Nella sua riservatezza, conservata gelosamente per tutta la vita, Kahn arriva quasi a nascondersi: fotograferà il mondo, ma di lui esistono solo una decina di ritratti rubati. Un umanista misantropo e un lavoratore instancabile, con le finestre dello studio aperte anche d’inverno.
Tutto nasce dalla volontà di cambiare il mondo e dall’idea che per farlo bastasse guardarlo attentamente e in ogni sua parte. Un’idea (non certo una presunzione) che inserita nel mondo crudo di quegli anni si è rivelata sfortunata e quasi utopistica.

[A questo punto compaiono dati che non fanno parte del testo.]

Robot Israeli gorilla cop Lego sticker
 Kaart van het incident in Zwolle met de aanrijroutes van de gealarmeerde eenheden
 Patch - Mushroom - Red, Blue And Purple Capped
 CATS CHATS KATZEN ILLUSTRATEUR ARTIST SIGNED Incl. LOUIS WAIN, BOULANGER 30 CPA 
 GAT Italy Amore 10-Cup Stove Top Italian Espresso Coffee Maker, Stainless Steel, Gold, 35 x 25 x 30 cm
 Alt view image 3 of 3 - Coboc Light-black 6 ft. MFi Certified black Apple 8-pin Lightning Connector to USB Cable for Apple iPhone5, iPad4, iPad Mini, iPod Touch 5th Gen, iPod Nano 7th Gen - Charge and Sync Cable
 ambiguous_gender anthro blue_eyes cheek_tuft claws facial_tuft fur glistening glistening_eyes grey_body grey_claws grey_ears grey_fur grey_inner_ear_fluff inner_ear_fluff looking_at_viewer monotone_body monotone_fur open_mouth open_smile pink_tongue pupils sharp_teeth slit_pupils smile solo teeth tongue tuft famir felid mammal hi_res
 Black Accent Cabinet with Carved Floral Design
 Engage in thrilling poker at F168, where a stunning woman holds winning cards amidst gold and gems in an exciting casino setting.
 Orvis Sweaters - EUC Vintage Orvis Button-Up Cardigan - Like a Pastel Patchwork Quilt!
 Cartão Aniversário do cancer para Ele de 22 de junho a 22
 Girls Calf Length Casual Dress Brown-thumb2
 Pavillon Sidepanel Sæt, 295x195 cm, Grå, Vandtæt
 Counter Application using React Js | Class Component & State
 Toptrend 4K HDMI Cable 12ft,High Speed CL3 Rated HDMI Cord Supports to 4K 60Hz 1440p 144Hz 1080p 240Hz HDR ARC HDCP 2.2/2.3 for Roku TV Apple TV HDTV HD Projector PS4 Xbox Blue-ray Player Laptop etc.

Il suo immenso sguardo penetra la crisi del ’29; la sua eredità morale rimane contro l’arroganza del nazismo e della Seconda Guerra Mondiale; la sua figura si staglia contro la crisi e oltre la bancarotta.
Kahn non è mai stato un rivoluzionario, sogna certo una società stabile e perfino tradizionalista (il suo mito è il Giappone), ma pacifica e senza frontiere; non auspica rivoluzioni bensì la riforma etica della classe dirigente. Lo strumento per fare questo lo trova nelle sue mani: una memoria più duratura, trasmissibile, uno strumento di conoscenza oggettivo e universale.
Nella sua incompiutezza il risultato è comunque incredibilmente magistrale. Ci troviamo di fronte alla bellezza di 72.000 lastre autochrome, che arrivano a noi – in maniera diretta e unica – da un ventennio passato, dal Canada all’Indocina, dal Marocco alla Mongolia. Arrivano anche fotografie di un’Europa mai vista, in modo completamente differente dalle immagini che di solito si associano al periodo storico delle guerre mondiali. Kahn e la sua squadra di fotografi – Fernand Cuville, Auguste Léon dallo sguardo d’antropologo, i rigorosi Frédéric Gadmer e Roger Dumas – scendono in Italia a più riprese.
Dal 1986 l’intero progetto viene conservato a Rue du Port 14, a Boulogne-Billancourt a Parigi, in completa sintonia con un’altra grande creazione di Kahn: Il Giardino del mondo (Les Jardins du Monde), creato dopo averne acquisito la proprietà nel 1893. Si tratta di un giardino unico in grado di comprendere una varietà di stili, da quello inglese a quello giapponese, per contemplare un progetto che vada oltre qualsiasi confine. Un’epicea del Colorado e un cedro dell’Atlante, alberi nati ai due estremi del pianeta, eppure tanto simili che non sapresti dire quale dei rami verde-azzurri che si sfiorano appartenga all’uno o all’altro. Anche del giardinaggio, come di tutta la sua vita, Kahn aveva fatto una metafora di fraternità universale.
Oggi, a settantasei anni dalla scomparsa del geniale sguardo di Albert Kahn, il suo sogno non si è ancora definitivamente interrotto. A confermarlo è l’addetto alla comunicazione del Museo Vladimir Pronier «è appena riemersa una cassa di lastre proveniente dal Sud America, di cui non sospettavamo l’esistenza».